Nonprofits should push for better wording in contracts stating that indemnification for a claim will be allocated proportionally by the contribution of either party to that claim.
Top 3 ways to protect your nonprofit from additional liability
While COVID-19 presents a new risk for nonprofits in terms of liability, there are still fundamental best practices that can help protect your organization from taking on responsibility for events beyond your control. Here are three things you should look for in any indemnification clause for a contract you are going to sign:
- Make sure the wording refers to claims caused by your actions and not “arising out of” anything. The “arising out of” wording is too broad and could lead to liability being assigned to you that is out of your control. Don’t agree to take on liability for things outside your control.
- If you are agreeing to indemnify another party via a written agreement, ask that that party agree to also indemnify you (mutual indemnification). That way everyone is liable for the things over which they have control.

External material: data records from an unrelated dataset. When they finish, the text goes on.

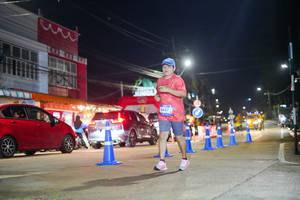 BIB: 3687
                            <button type="button" onclick="openModal(26244886)" class="btn btn-primary btn-sm float-right btn-popup" data-toggle="modal" data-target=".modal-high-quality">
                        <i class="fas fa-shopping-cart"></i> Add to Cart
                    </button>
                                            <button type="button" onclick="isThisMe(26244886, true)" class="btn btn-success btn-sm float-right btn-popup btn-isme hidden" data-toggle="tooltip" data-placement="bottom" title="นี่คือรูปของคุณใช่ไหม คลิกที่นี่เพื่อเอาเข้าอัลบั้ม">
                        <i class="fas fa-plus"></i> Add to album
                    </button>
                    <button type="button" onclick="isThisMe(26244886, false)" class="btn btn-warning btn-sm float-right btn-popup btn-isnotme hidden">
                        <i class="fas fa-ban"></i> Remove from album
                    </button>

- You should ask that any “sole negligence” wording be removed. This type of wording will almost always lead to the indemnitor being responsible for all losses. Instead nonprofits should ask that indemnification for a claim will be allocated proportionally by the contribution of either party to that claim.
Before you sign any contract, it is always a good idea to have your broker review it to ensure your organization will be compliant with the indemnification and insurance clauses.